## GOAL OF THE EXERCISE
Reproduce, exactly and only, the lines of the data that follows from the one containing "Kmenové buňky: Velmi" down to the one containing "Which tissue class", without pictures.

## EXERCISE INPUTS
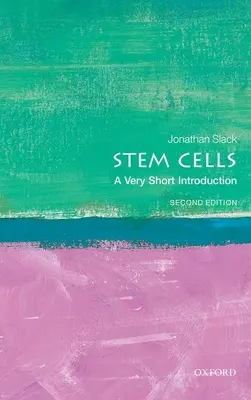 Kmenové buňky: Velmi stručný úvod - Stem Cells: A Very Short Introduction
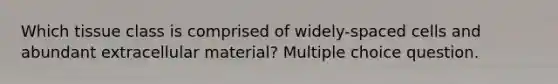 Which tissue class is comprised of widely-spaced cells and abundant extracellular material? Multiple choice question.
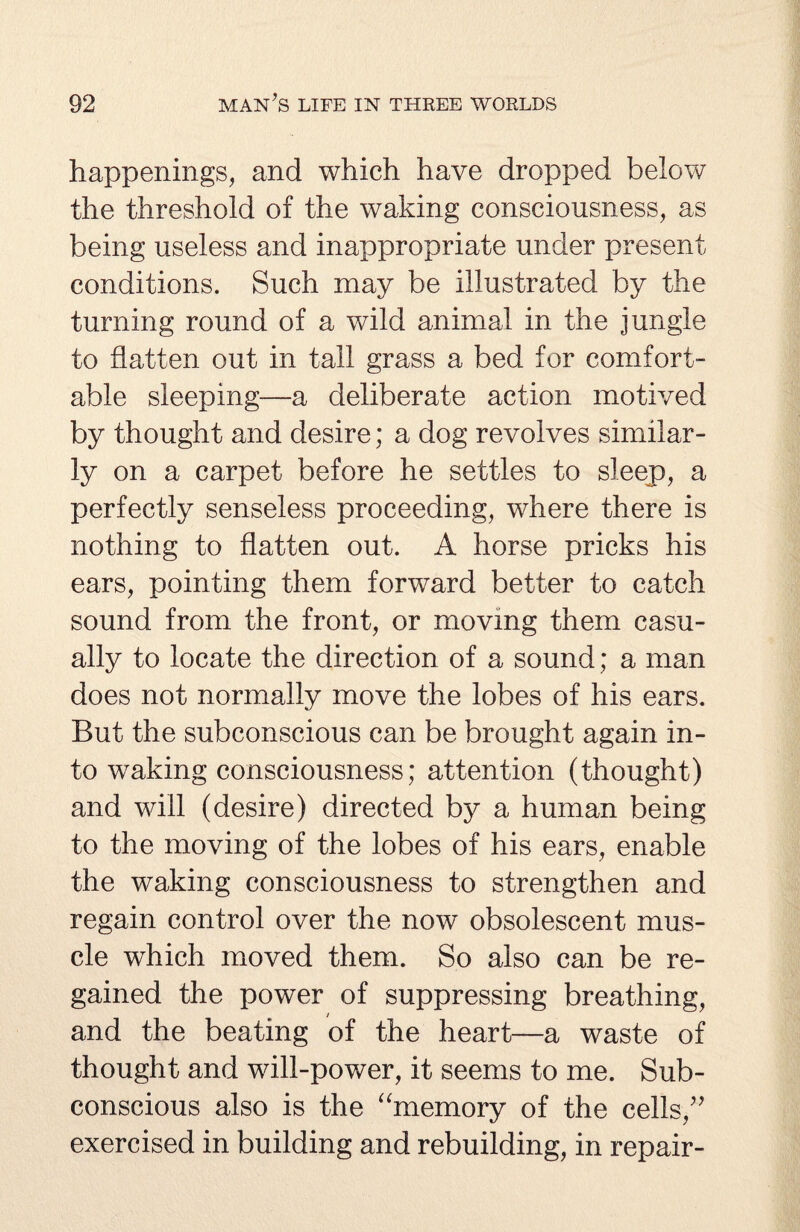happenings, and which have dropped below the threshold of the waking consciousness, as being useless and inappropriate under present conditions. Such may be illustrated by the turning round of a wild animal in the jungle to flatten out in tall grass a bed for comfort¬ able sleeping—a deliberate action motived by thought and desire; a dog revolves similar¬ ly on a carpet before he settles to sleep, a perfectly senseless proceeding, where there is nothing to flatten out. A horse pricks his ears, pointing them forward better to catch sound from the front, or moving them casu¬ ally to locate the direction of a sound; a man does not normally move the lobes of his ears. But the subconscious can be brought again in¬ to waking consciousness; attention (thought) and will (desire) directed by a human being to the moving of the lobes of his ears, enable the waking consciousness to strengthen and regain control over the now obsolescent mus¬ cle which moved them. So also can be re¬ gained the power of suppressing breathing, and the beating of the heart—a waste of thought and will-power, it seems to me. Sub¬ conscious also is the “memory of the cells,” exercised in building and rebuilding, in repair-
...
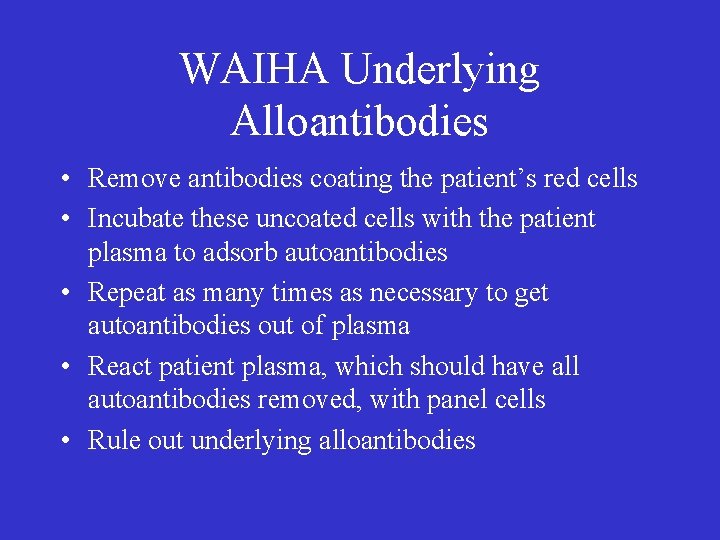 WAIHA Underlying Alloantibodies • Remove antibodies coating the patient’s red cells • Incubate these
...
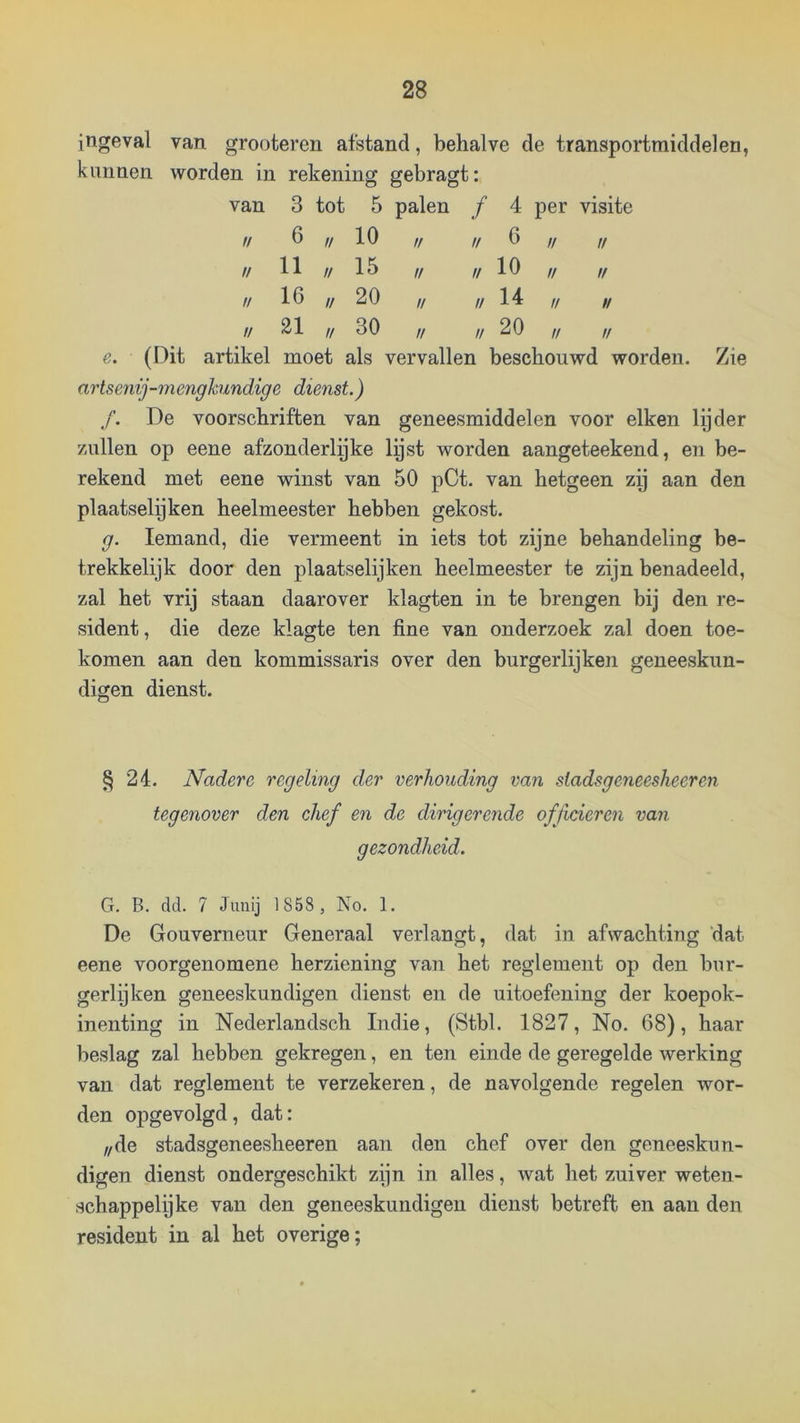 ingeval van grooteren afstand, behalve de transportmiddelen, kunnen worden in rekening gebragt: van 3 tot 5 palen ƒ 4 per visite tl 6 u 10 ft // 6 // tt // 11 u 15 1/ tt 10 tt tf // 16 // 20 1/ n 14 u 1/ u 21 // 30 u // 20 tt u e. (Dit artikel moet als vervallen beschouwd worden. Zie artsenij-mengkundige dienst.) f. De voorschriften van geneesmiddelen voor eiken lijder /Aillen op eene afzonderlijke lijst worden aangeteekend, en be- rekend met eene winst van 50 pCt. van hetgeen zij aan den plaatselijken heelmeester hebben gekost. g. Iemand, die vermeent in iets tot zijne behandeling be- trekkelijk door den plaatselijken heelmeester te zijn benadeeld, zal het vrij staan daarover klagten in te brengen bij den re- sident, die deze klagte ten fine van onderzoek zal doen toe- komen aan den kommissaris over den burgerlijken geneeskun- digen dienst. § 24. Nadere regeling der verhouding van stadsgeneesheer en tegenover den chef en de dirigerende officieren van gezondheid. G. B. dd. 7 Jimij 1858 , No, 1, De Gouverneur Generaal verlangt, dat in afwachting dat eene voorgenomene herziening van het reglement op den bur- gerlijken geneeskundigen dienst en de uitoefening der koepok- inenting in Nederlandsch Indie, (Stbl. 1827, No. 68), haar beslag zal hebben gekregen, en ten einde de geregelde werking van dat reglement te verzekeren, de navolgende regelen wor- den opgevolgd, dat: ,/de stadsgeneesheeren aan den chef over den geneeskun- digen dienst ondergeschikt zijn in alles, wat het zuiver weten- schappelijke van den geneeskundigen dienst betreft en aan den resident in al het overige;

## YOUR RESPONSE
 Kmenové buňky: Velmi stručný úvod - Stem Cells: A Very Short Introduction
 Which tissue class is comprised of widely-spaced cells and abundant extracellular material? Multiple choice question.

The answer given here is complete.